高橋)電波が来ないとダメでしょう。そうするとEテレの存在理由がなくなります。
飯田)昔は、教室で教育テレビの番組を道徳の時間に観るなどということがありました。
高橋)これからはそれがWi-Fiになってしまいます。文科省もEテレの存在理由がなくなることを知らないで、GIGAスクールのことを言っているのだと思います。
飯田)文科省はテレビ局の管轄ではないから。
高橋)いいことを言っているのですが、それをNHKさんはすり合わせをしていないと思うのですけれど、相変わらずEテレの存在理由で、GIGAスクールを無視しているので、私は面白いと思って話したのです。

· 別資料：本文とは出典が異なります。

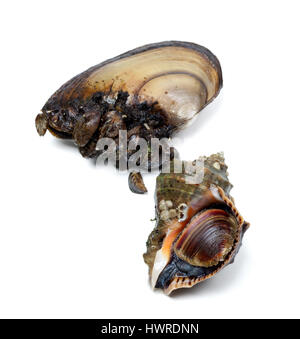 Geäderten Rapa Wellhornschnecke und Anodonta (Flussmuscheln). Isoliert auf weißem Hintergrund. Stockfoto
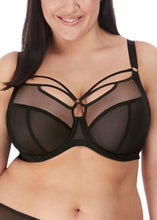 Load image into Gallery viewer, Elomi | Sachi Underwired Plunge | Black
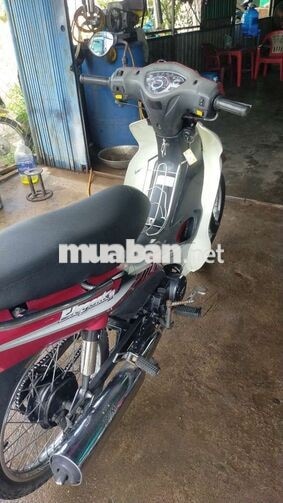 elegant 50cc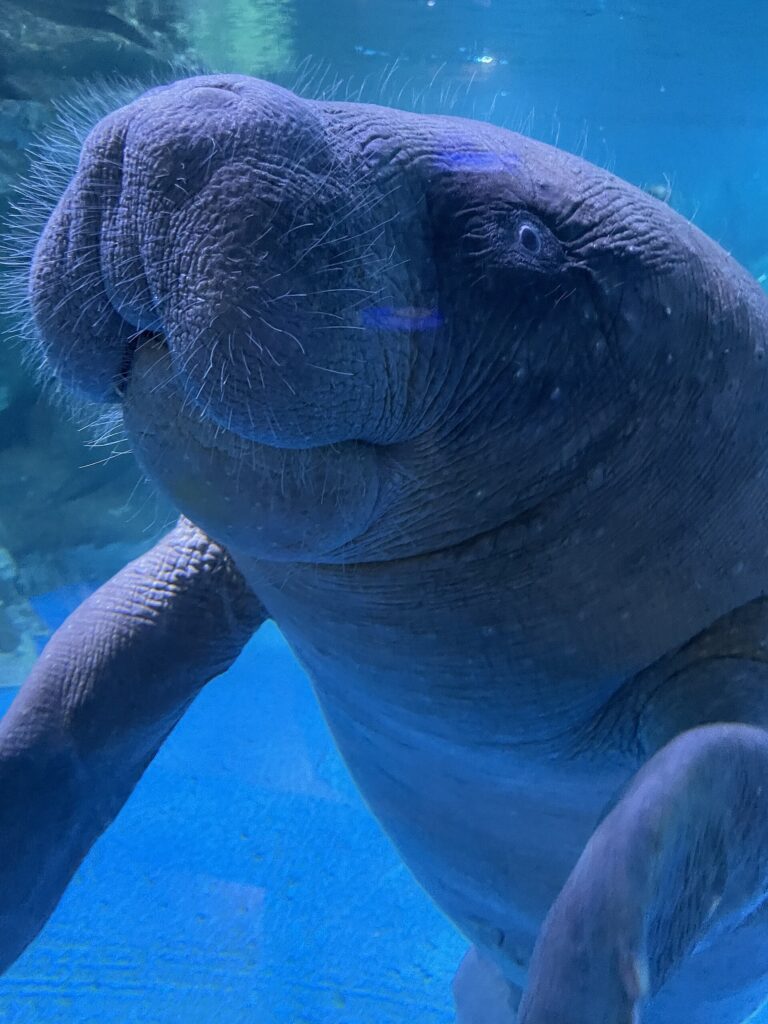 Kapustňák senegalský (Trichechus senegalensis)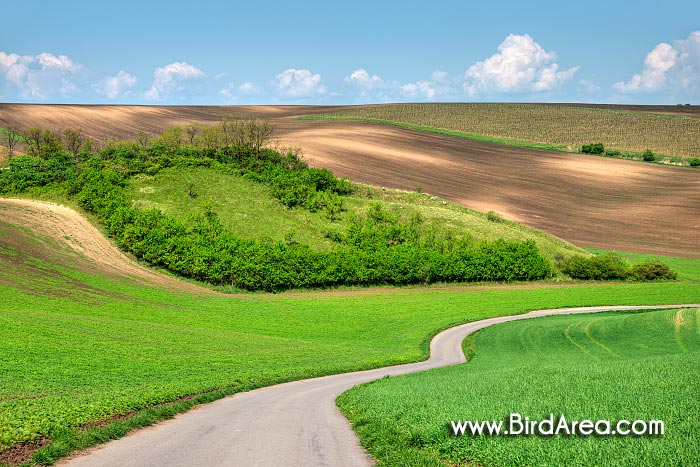 Natural Monument Hovorany meadows, Hovorany, Hodonin district, Jihomoravsky county, Czech Republic, Europe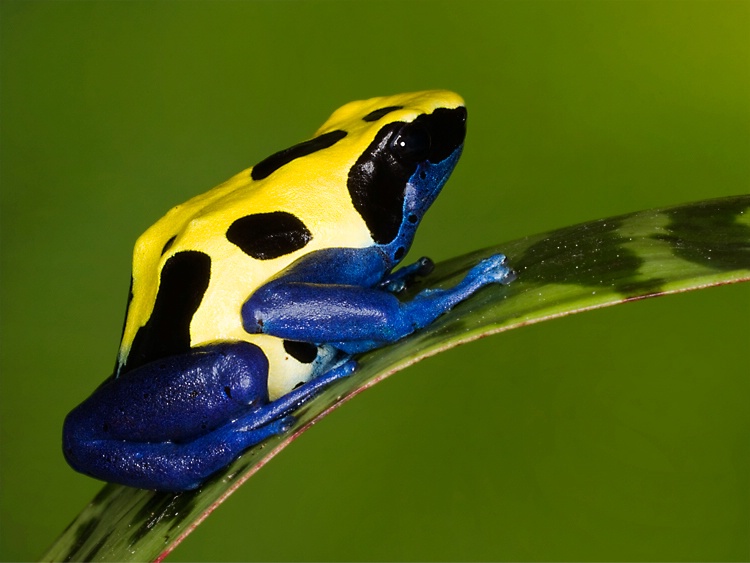 Citronella frog (Dendrobates tinctorius)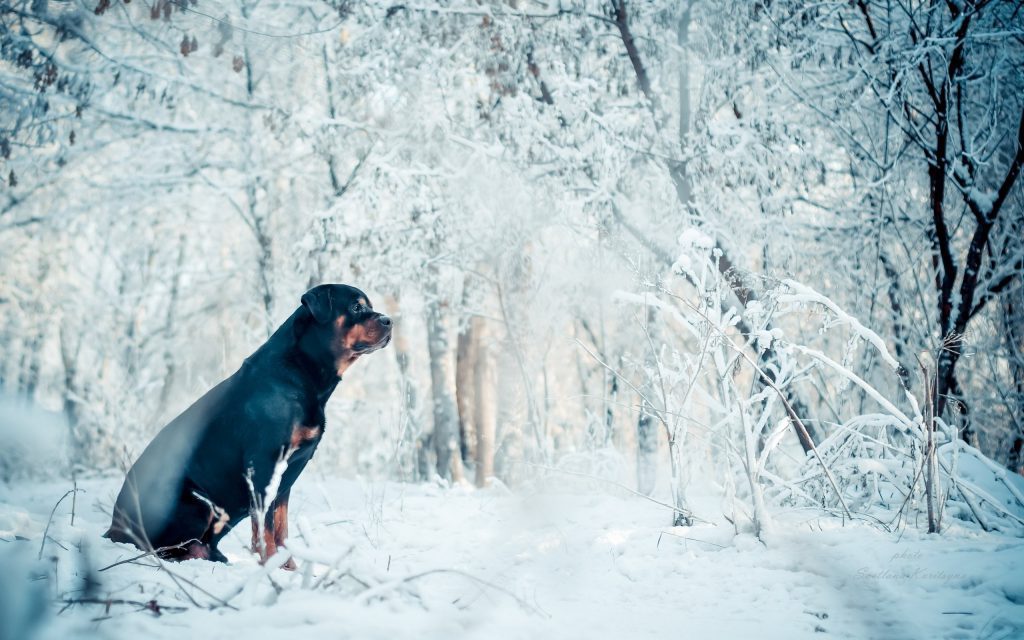 Dog In The Snow - winter wallpaper desktop background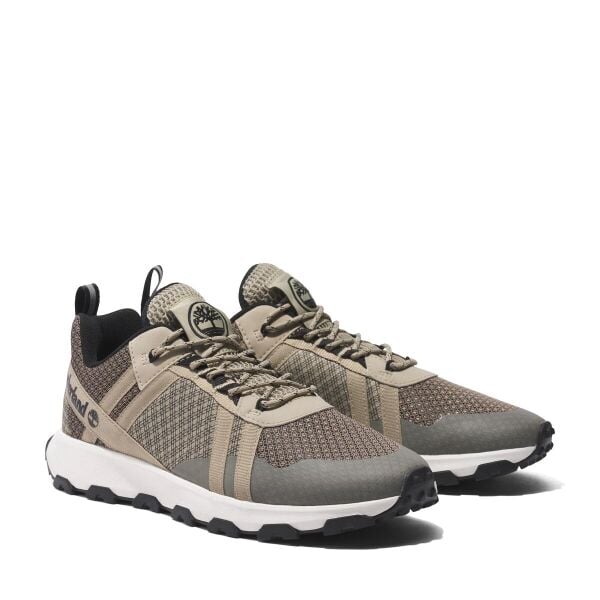 LOW LACE UP SNEAKER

EテレをGIGAスクールでそのままネット放送すれば空いた地上波の部分を携帯会社に譲れる
飯田)ということは、いまやっている教育テレビの内容をそのままネットに移植、あるいは両方で出せばいいという話ですね。
高橋)その通りです。NHKに1号店、2号店があって2号店をネット販売するということです。商品はそのままで、地上波ではなく、ネットで流すだけだから「実店舗販売からネット販売にする」ということです。
飯田)「あの番組もこの番組もなくなってしまう」というのが議論になりましたが。
高橋)いまの時代の流れでGIGAスクールを文科省がやるのだから、「それをネットで流した方がいいのではないですか」と言っているだけです。そうすると、実店舗が少し空くでしょう。それを携帯会社に譲れば一石二鳥ではないですか。そういう経営判断の話をしているだけです。
飯田)真意はそこだったけれども、いろいろ尾鰭が付いて、ひとり歩きしてしまったということですね。